It seems to me that MacKay's argument is persuasive. If one posits
"sudden" creation, the thing created necessarily has to show
evidences of a past (virtual) history.
Suppose I build a model airplane. Ten inches long, made of balsa wood,
glue
and paper, nobody who examines it will infer a history where it once flew
through the air and shot down enemy planes.
But I am a master craftsman, and I build it a second time, this
time using materials used in "real" airplanes. I also build it
life size, and even put on it (for realism purposes) signs of
battle. In short, I do a great job. Now when people examine it, they
necessarily must infer a virtual history for the artifact. The better
job I do, the less likely they are to see it for what it is, a
model, not a real thing.
Next I build a dog. Again, my craftsmanship is superb. Even if I cannot
give it life, those who examine it will necessarily infer a prior
history of the artifact, one which never happened. There is no way I
can build it which would not so mislead them.
When Jesus created the wine at the Cana wedding, presumably
some of the guests, perhaps most, did not see it done.

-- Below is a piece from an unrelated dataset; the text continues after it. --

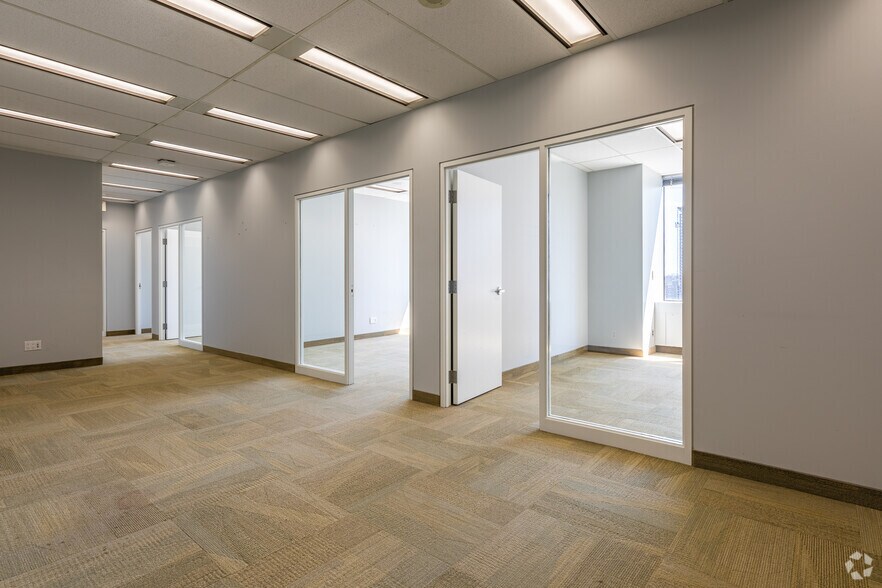 More Photos Of 2 Bloor St W, Toronto Office For Lease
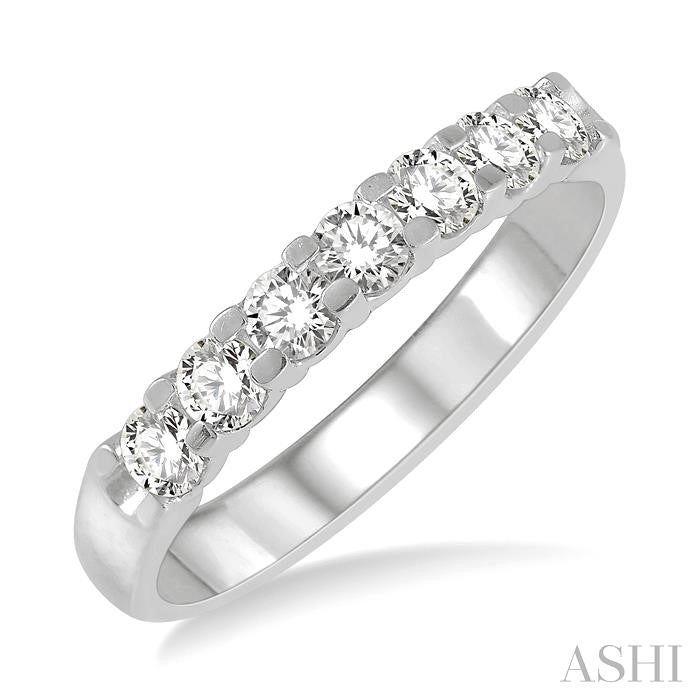 1/2 Ctw 7 Stone Round Cut Diamond Wedding Band in 14K White Gold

Certainly
the host did not see it done, for we read his words of amazement,
not at the deed, but at the quality of the resulting beverage. Were he
a scientist, and inclined to do so, no analysis of that wine would show
anything
else than a long history of grapevine -- winepress -- beverage.

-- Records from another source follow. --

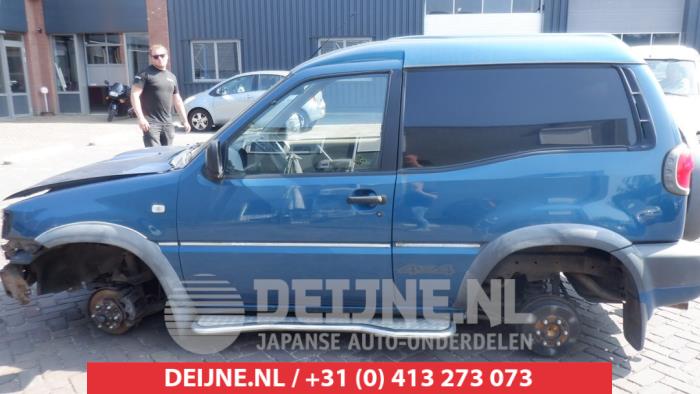 Nissan Terrano Türscheibe 2-türig links O433964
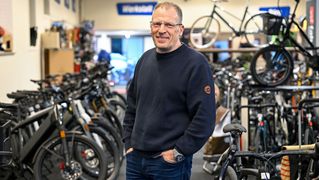 Ein Mann steht in einem Fahrradladen.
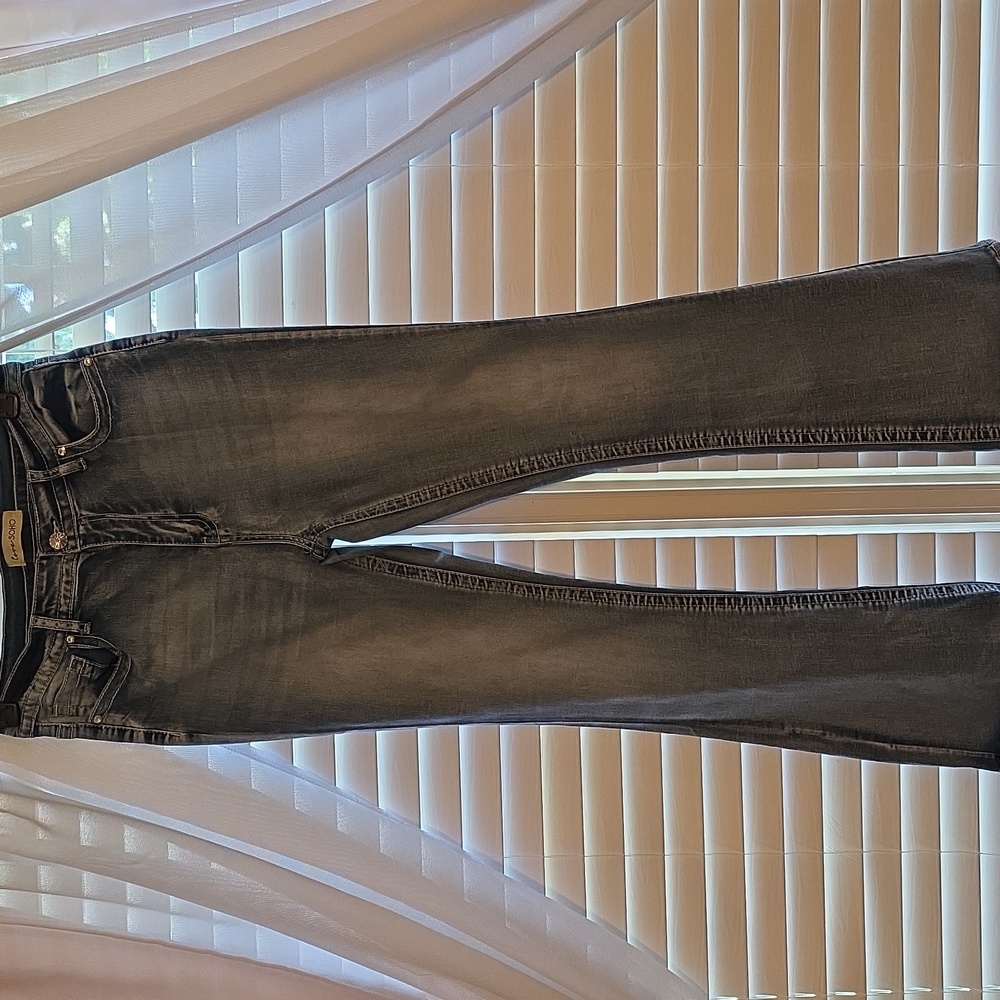 LOVE SOHO Women's Flare Jeans in Gray - Picture 4 of 7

All this to say that Gosse, while his theory is strange, was a smart
cookie and had thought this thing through pretty well. That some (many?)
of his categories did not understand is too bad. One may properly fault
the theory
for being "thin," or for being untestable; that's OK. Even Gosse did
that. But do
not argue that it necessarily requires a "deceptive god" to be viable; it
does not do that.
It has been 140 years since OMPHALOS was published, and the discussions
about it (of that era) have long been consigned to dust. Still, I wonder
if Gosse defended his ideas in print elsewhere than in the book, and if
anyone of that era understood his arguments.